Transição para o GRO \ PGR
Processo de consolidação da gestão de todos os riscos ocupacionais
José Augusto da Silva Filho
A nova NR-01 já está em vigor há mais de um ano, mas na prática, muitos profissionais ainda não deram aquela guinada na sua forma de atuação, que esta norma demanda. Seguem atuando como meros fabricantes de papéis, e ainda não ocupam um lugar de protagonismo e gestão nas organizações. Ainda não entenderam que gerenciar riscos de forma competente e técnica traz benefícios não apenas para as organizações, mas para os trabalhadores e principalmente, para os próprios profissionais que passam a ocupar outro patamar nas empresas.
É preciso desenvolver esses processos e promover registros que efetivamente atendam à NR-01, protegendo a empresa e preservando a saúde e segurança dos trabalhadores a partir de processos de gerenciamento de riscos de excelência, bem sistematizados, seguindo um programa amplo de Compliance em SST.

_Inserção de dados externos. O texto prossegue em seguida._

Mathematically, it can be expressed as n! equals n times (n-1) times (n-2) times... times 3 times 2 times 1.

A NR-01 que hoje se tornou no Brasil numa norma nuclear, que rege as demais Normas Regulamentadoras, e estabelece parâmetros para o gerenciamento de riscos ocupacionais, de forma obrigatória no país, com vigência desde 03 de janeiro de 2022, é uma ferramenta de transformação do meio ambiente de trabalho, que identifica também as não conformidades na documentação da empresa, de forma a atender plenamente a nova NR-01, quanto aos requisitos técnicos e legais.
A boa atuação profissional e a utilização de ferramentas adequadas em gestão, facilitará a construção do GRO \ PGR sem modelos e sem falhas, com muita segurança e ganho de tempo, apresentando as boas práticas em segurança e saúde no trabalho, necessárias na atual conjuntura.

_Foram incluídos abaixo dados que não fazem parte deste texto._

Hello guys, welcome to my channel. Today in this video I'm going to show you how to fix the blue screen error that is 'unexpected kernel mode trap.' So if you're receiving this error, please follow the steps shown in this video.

Outro detalhe importante a destacar, é a necessidade de se capacitar em GRO \ PGR:
https://comexito.com.br/curso/483/GRO__PGR__Gerenciamento_de_Riscos_Ocupacionais e estudar conceitos de gestão de riscos, pois ainda há diversas inconsistências têm sido encontradas pelas fiscalizações do Ministério do Trabalho. Isto preocupa. São erros até simples que vêm sendo cometidos pelos profissionais, e que podem comprometer o PGR da empresa.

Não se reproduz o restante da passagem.